Saturday, September 27, 2008

Merida-Chichen Itza-Playa del Carmen











In the hostel in Campeche we met an English girl and German girl travelling together who were heading in the same direction as us so the lot of us headed to the bus station and went to Merida. Since we were 4 we managed to do a bit of bargaining and got a 4bed air conditioned room in a guest house with tv for little more than the price of a bed in a hostel....great result! We ended up staying there 3nights.

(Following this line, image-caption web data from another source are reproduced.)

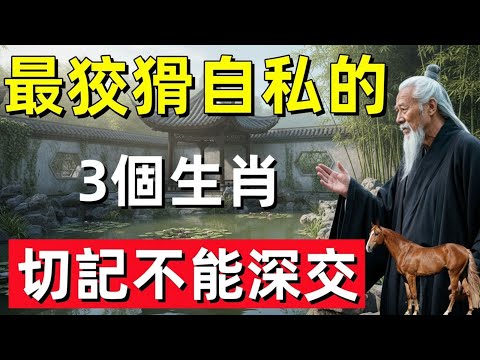 ⛩️☯🐉需提高警覺的3個生肖｜心思深沉、自我為先，相處宜保持分寸！#修行思維 #修行 #福報 #禪 #道德經 #覺醒 #開悟 #禅修⛩️☯🐉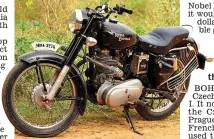  ??  ?? Classic: The India-built Royal Enfield, an old British design, had a diesel version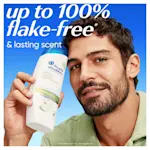 Head & Shoulders Apple Fresh Anti-Dandruff Shampoo, up to 100% flake-free.
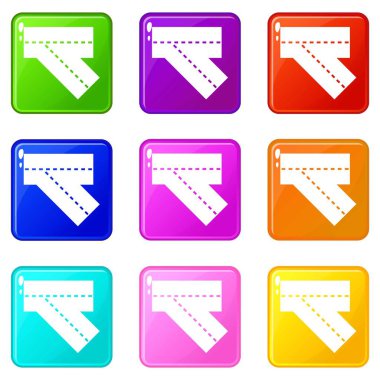 Yol simgeler 9 kümesi açmak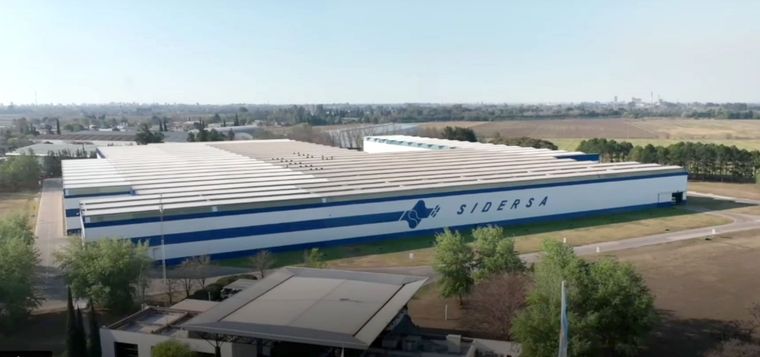 Planta de Sidersa Foto: Sidersa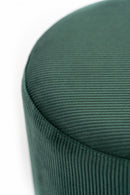 Pouf in Tessuto Vellutato Ø36 cm Verde-2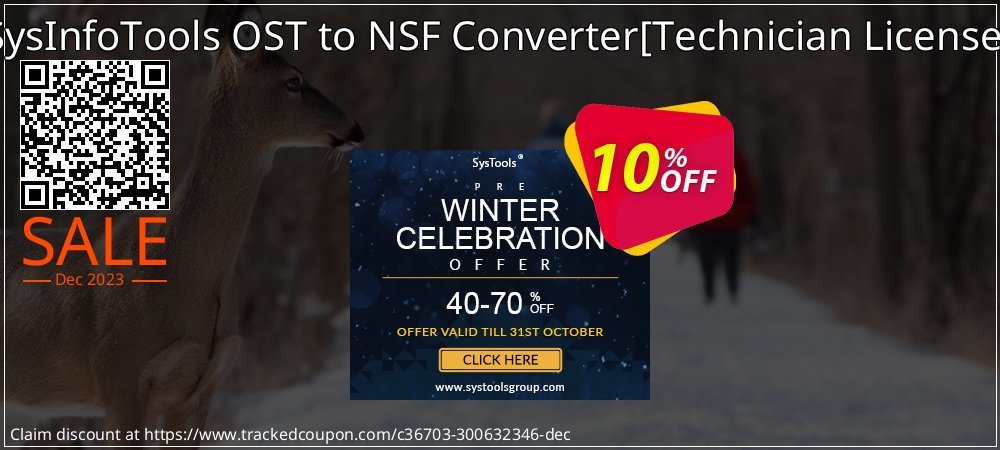 SysInfoTools OST to NSF Converter - Technician License  coupon on National Loyalty Day offering discount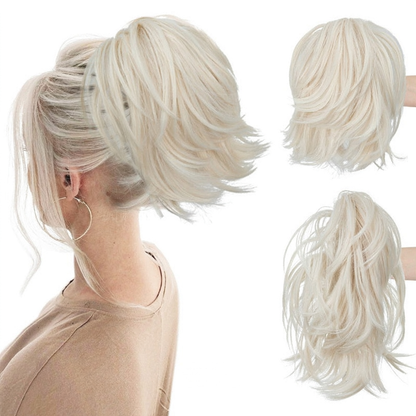 ⏰Last day Promotion 🔥-💕 Easy Claw Clip Ponytail Extension for Quick, Natural-Looking Volume & Style 🎀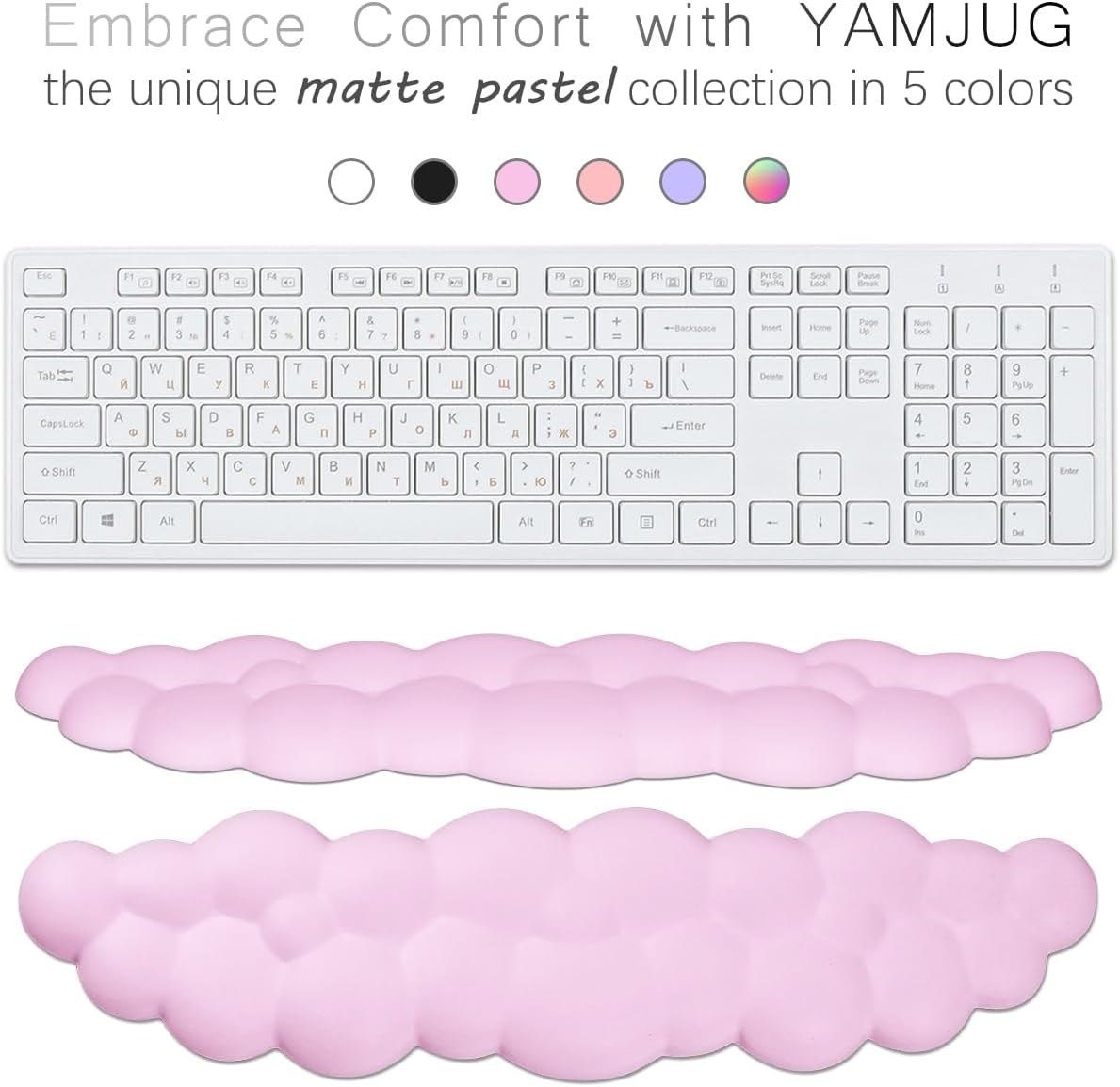 4 in 1 Ergonomic Leather Cloud Wrist Rest Keyboard and Mouse Pad & Coaster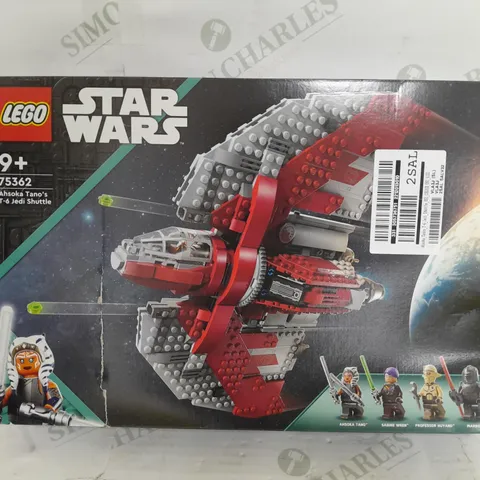 BOXED LEGO STAR WARS AHSOKAS TANOS T-6 JEDI SHUTTLE - 75362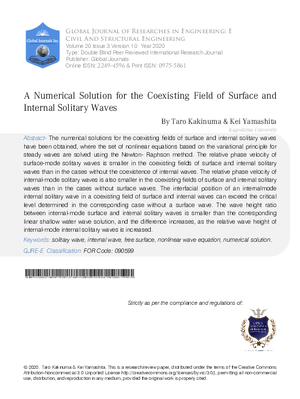 A Numerical Solution for the Coexisting Field of  Surface and Internal Solitary Waves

Merida is about 1h inland and is a stop for the Cruise ships that dock in Progreso. All the locals think you are a rich tourist with loads to spend and get quite upset when you don´t buy any of their wares. Its a busy town with some nice buildings but mainly its used as a starting point to see the surrounding areas. The main thing i wanted to see were the cenotes (underground sinkholes full of freshwater)- ever since i saw the film ´Journey into Amazing Caves´ i have been fascinated by them. There were plenty of tours available to take you to them but we got chatting to some locals who told us how to get there ourselves. We took a collectivo (hi-ace van type bus) to the town of Cuzama where the cenotes are located. From the main street we had to get a bike taxi (two seats for passengers in a cart with a bike at the back to push you). The guys cycling had to take us 4km up the road and it turned out to be a really hot day so boy did they work! 4km in we arrived at a stop where we changed to horse and cart that took us the 7km in to the first of 3 cenotes. When we arrived all i could see was a hole in the ground not more than 1.5metres in diameter. There was a wooden step ladder leading into the black abyss...thats all i could see when i looked in. It took alot to get me down the ladder (i´m not that good with heights) but it was worth it. Inside was a cave full of the brightest turquoise blue i have ever seen. There was a one other small hole in the roof that allowed the sun to beam in and light up the cenote....it was fantastic. We swam in the water surrounded by stalagmites, stalagtites and some bats who roost in the roof of the cave- wonderful! We had about 30mins in that cenote and then back onto the cart to see two others- they were good but not quite as impressive as the first one.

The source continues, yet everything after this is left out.